SEMPRE SU QUESTO TEMA, CON UN QUARTO DI SECOLO DI PROSPETTIVA, CHE COS’È E COSA SIGNIFICA IL BLACK METAL PER TE, OGGI? PENSI CHE SIA DIVENTATO QUALCOSA DI “MAINSTREAM”, O RESTI SEMPRE L’ATTITUDINE A DEFINIRE QUESTO GENERE?
– Penso tu abbia ragione nel dire che è sempre più popolare, ma a definirlo c’è sempre una forte componente personale, ciò che realmente significa per ciascuno. Per me, per esempio, è centrale il legame con certi aspetti molto cupi, con la natura umana, e con una componente occulta, al cui riguardo preferisco non entrare nel dettaglio. Ma appunto penso che debba essere un percorso e una scoperta personale, che va ben al di là della pura musica. È qualcosa che esula dalla quotidianità ma al tempo stesso la informa, e canalizza energie e sensazioni personali…

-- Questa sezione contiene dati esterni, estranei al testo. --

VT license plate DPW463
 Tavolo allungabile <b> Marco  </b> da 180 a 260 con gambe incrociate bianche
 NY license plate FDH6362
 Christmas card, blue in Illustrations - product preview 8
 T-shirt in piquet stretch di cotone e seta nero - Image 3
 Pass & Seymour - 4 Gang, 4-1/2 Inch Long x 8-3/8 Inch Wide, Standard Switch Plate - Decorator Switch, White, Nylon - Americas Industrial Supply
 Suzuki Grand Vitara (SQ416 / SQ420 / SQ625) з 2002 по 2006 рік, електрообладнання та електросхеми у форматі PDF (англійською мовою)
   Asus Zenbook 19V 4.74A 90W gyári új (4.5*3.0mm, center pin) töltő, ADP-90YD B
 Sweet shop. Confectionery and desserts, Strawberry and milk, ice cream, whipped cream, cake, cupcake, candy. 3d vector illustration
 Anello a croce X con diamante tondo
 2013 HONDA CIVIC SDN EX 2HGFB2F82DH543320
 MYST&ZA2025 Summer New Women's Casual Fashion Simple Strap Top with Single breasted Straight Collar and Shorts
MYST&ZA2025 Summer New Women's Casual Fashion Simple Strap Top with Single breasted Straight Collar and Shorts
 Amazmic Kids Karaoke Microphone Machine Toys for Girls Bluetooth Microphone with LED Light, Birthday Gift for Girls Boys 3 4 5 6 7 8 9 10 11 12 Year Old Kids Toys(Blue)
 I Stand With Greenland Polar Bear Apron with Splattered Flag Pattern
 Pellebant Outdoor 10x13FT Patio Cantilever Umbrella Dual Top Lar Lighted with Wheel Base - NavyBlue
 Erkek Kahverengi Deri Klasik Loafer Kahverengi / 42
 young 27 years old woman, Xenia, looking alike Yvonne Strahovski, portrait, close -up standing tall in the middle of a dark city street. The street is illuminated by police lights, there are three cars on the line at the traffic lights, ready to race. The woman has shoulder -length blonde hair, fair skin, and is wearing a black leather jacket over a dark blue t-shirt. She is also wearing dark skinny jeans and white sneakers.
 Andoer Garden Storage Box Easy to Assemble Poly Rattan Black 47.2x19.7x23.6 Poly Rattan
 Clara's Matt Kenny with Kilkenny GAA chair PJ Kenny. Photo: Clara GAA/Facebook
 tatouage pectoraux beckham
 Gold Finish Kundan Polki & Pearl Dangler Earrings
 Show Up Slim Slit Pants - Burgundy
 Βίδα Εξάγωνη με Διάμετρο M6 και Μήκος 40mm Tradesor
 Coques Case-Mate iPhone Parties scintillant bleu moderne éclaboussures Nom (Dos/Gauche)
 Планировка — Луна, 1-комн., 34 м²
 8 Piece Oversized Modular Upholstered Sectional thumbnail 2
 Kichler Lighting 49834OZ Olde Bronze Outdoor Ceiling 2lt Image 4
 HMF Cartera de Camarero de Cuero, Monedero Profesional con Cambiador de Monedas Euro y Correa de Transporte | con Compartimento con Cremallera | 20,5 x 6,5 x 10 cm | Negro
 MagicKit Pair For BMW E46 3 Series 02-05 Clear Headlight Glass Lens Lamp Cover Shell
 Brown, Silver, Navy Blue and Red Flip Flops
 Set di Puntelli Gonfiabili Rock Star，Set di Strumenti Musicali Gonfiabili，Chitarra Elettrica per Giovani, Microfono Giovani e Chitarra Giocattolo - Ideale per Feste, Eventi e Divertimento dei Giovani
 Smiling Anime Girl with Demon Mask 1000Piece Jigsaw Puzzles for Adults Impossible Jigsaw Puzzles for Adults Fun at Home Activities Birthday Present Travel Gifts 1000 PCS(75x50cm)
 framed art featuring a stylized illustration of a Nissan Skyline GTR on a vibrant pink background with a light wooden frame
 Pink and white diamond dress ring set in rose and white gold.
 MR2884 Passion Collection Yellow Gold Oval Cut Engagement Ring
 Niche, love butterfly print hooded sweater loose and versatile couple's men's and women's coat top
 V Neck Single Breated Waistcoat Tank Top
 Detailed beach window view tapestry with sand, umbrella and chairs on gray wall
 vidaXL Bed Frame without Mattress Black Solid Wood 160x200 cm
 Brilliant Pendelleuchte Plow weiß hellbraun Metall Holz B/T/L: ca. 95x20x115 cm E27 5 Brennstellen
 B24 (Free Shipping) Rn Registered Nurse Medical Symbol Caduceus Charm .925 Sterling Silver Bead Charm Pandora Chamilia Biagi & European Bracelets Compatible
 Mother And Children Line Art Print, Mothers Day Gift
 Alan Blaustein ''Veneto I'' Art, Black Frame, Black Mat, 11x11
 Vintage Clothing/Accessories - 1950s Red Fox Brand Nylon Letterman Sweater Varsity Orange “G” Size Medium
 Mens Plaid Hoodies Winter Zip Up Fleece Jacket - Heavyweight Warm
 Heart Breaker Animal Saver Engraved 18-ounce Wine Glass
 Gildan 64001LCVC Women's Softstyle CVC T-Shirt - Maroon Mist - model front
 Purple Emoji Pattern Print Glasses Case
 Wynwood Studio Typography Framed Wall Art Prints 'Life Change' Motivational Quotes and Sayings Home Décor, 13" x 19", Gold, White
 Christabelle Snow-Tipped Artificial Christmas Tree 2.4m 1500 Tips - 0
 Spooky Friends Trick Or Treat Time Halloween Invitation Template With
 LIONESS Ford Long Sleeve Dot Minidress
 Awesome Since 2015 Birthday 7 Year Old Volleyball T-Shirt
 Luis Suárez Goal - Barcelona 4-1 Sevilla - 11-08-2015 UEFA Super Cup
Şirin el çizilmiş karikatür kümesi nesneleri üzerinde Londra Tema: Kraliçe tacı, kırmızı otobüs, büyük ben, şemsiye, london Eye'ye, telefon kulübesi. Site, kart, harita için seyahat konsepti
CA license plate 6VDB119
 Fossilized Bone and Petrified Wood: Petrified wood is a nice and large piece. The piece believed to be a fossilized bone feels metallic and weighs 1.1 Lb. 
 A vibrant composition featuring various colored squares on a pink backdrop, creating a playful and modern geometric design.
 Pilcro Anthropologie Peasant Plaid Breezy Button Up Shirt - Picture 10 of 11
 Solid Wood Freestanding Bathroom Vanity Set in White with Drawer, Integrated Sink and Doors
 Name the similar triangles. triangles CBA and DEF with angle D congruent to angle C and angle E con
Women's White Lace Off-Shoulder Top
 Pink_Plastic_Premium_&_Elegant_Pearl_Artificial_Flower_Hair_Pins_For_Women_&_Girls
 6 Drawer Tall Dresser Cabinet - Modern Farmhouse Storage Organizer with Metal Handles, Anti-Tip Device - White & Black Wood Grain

MI TROVI D’ACCORDO. E COME CHIEDO SPESSO NELLE INTERVISTE, PENSO CHE IN QUESTA ATTITUDINE INDIVIDUALISTA, DI LOTTA ALLE CONVENZIONI, DI RAPPORTO CON L’INTERIORITÀ E CON TEMI PIÙ CUPI, SIA MOLTO PIÙ LEGATO AL PUNK CHE NON AL METAL CLASSICO. FORSE LA STESSA ETICHETTA “BLACK METAL” È ORMAI ERRONEA. COSA NE PENSI?
– È proprio così. Ci sono anche così tanti tipi di musica che chiamiamo black metal, oggi, e che hanno poco in comune; ci sono band che suonano con un approccio raw, altre più sinfoniche, oppure con forti componenti industrial. Ci sono musicisti che lo vivono in maniera ritualistica, anche nella loro vita privata, altri che hanno scelto di vivere e suonare come persone “normali”, per così dire. Black metal vuol dire tutto e niente.
L’ULTIMA DOMANDA È PER ATTILA FUORI DAI MAYHEM: SEI STATO IN TOUR PER UN PAIO D’ANNI COI TORMENTOR, SUONI DA PARECCHIO TEMPO COI SUNN O))), … NON SEI MAI A RIPOSO, INSOMMA. E A PROPOSITO DEI TORMENTOR: STATE PENSANDO, MAGARI, A UN ALBUM NUOVO?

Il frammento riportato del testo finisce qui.